The brilliance of Lisa’s book, Remember, is separating forgetfulness from disease. She does so with great illumination, but with a spotlight about brain health. While she advises others to “give yourself a break when you can’t remember,” the neuroscientist in her urges brain health—protect your brain in all circumstances to combat, where possible, the demons that prowl.
“Your hippocampus is necessary for the formation of any new memories that you can later consciously retrieve,” Genova writes. “If your hippocampus is damaged, your ability to create new memories will be impaired. Alzheimer’s disease begins its rampage in the hippocampus. As a result, the first symptoms of this disease are typically forgetting what happened early today, or what someone said a few minutes ago and repeating the same story over and over again.”
So what if your hippocampus is healthy? "You want to keep it that way for as long as possible," Genova says.

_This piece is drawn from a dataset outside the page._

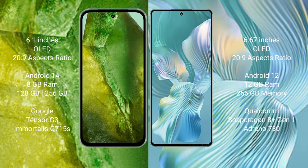The Google Pixel 8a runs on Android 14, while the Honor 80 Pro Flat runs on Android 12. The Pixel 8a comes with 8GB RAM and 256GB internal storage, powered by the Google Tensor G3 processor. The Honor 80 Pro Flat comes with 12GB RAM and 256GB internal storage, powered by the Qualcomm Snapdragon 8 Gen 1 processor with an Adreno 730 GPU.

To foster that, Genova adds, one must work hard to get adequate sleep, handle stress, interact with others, exercise, learn new things, and proper diet—the “SHIELD” strategy to protect your brain, as promoted by Genova’s good friend Dr. Rudy Tanzi of Harvard and MassGeneral Hospital, and a world-leading Alzheimer’s expert and chief researcher at the Cure Alzheimer’s Fund.
“Sleep helps consolidate new memories, and insufficient sleep interferes with consolidation,” Genova says. And unmanaged stress, she adds, can be a flame thrower for cognitive decline. “Plenty of scientific evidence demonstrates that relentless, unmanaged stress is toxic for your body and brain.”
But evidence is strong, Genova notes, that people can reduce risks with proper brain health as they age. Genova is an advocate with UsAgainstAlzheimer’s, who recently launched BrainGuide, a new platform that can help millions of Americans who worry about memory or brain health find their way to helpful resources and a path forward. Along with current and former care partners, UsAgainstAlzheimer's has formed a brain health partnership to promote brain health and created the A-LIST, an online research community of people with, or at risk, for Alzheimer’s disease, other dementias, and Mild Cognitive Impairment.
“Most of what we forget is not a failure of character, a symptom of disease, or even a reasonable cause for fear—places most of us tend to go when memory fails us,” writes Genova. “We feel worried, embarrassed, or plain scared every time we forget something we believe we should remember, or would have remembered, back when we were younger. We hold on to the assumption that memory will weaken with age, betray us, and eventually leave us.”
All the more reason for proper brain health and building up a cognitive reserve.